Proslavery Leader's Desk

This desk was brought to Douglas County, Kansas Territory, in 1855 by George W. Clarke, a Pottawatomie Indian agent, slave owner, and ardent slavery supporter. Photo of opened desk.

Clarke was a notorious proslavery leader during the "Bleeding Kansas" period of history, when opposing forces sought control over the state based on the issue of slavery. Clarke had been suspected of killing a free-state man, Thomas Barber, near Lawrence in 1855 during the Wakarusa War but was never convicted. In the fall of 1856 Clarke led a party of 400 Missourians into Linn County on the eastern edge of the state, where, in the words of a fellow proslavery man, they "plundered, robbed and burned out of house and home nearly every Free-state family in Linn County, while [Clarke's] hands were steeped in innocent blood, and the light of burning buildings marked his course."

In 1856, while Clarke sat reading by the desk at his home near Lecompton, someone--presumably a free-stater--shot at him. Clarke was uninjured but the desk did not fare as well. The bullet passed through the front of the desk and left a divot in the surface of the drawer directly behind it. The hole left by the bullet can be seen in the photo at bottom right (click on photo for enlargement); the hole is the dark spot below the keyhole and near left-center.

Photo of closed desk.

In 1857 Clarke began work in the U. S. Land office in Fort Scott, Bourbon County. In a 1904 interview, Judge William Margrave gave the following account of George W. Clarke during this period: "[He] was practically registrar of the land office but there was a story afloat, and I guess it was true, that he had killed somebody up near Lecompton and the government wouldn't appoint him directly but appointed somebody else and Clarke performed the duties." Clarke continued his proslavery activities in Fort Scott and in nearby Missouri until he was finally driven out of the state and into southwestern Missouri in August, 1858.

Judge Margrave purchased Clarke's desk in 1858 for $14.00. Margrave was a probate judge in Bourbon County and a former free-state legislative candidate.
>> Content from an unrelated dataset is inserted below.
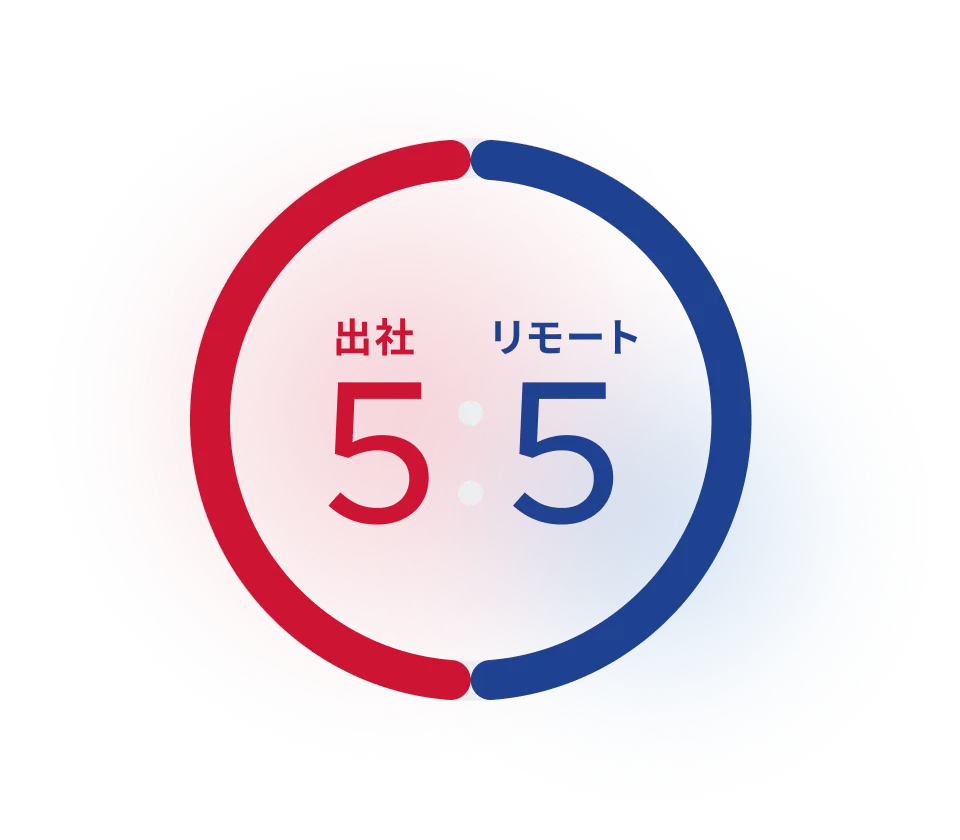5：5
He used the desk in his courtroom from 1858 until October, 1864, when, under threat of invasion of Fort Scott by Confederate General Sterling Price, much personal property (including the desk) was removed from the town.

At this time, Captain Charles Judson of the Sixth Kansas Cavalry came into possession of the desk and carried it with him on an expedition through Arkansas in 1864. About a year later, while the Sixth was in camp at Fort Scott, Judge Margrave recognized his desk in the captain's tent and recovered it. He continued to use the desk in his courtroom until 1902, when he presented it to the Kansas Historical Society. The desk is in the collections of the Society's Kansas Museum of History.

"[Clarke] was a border ruffian of the worst kind," recalled Margrave in 1904. "If he wasn't killed before he got away from Kansas it was a mistake on the part of the people who knew him."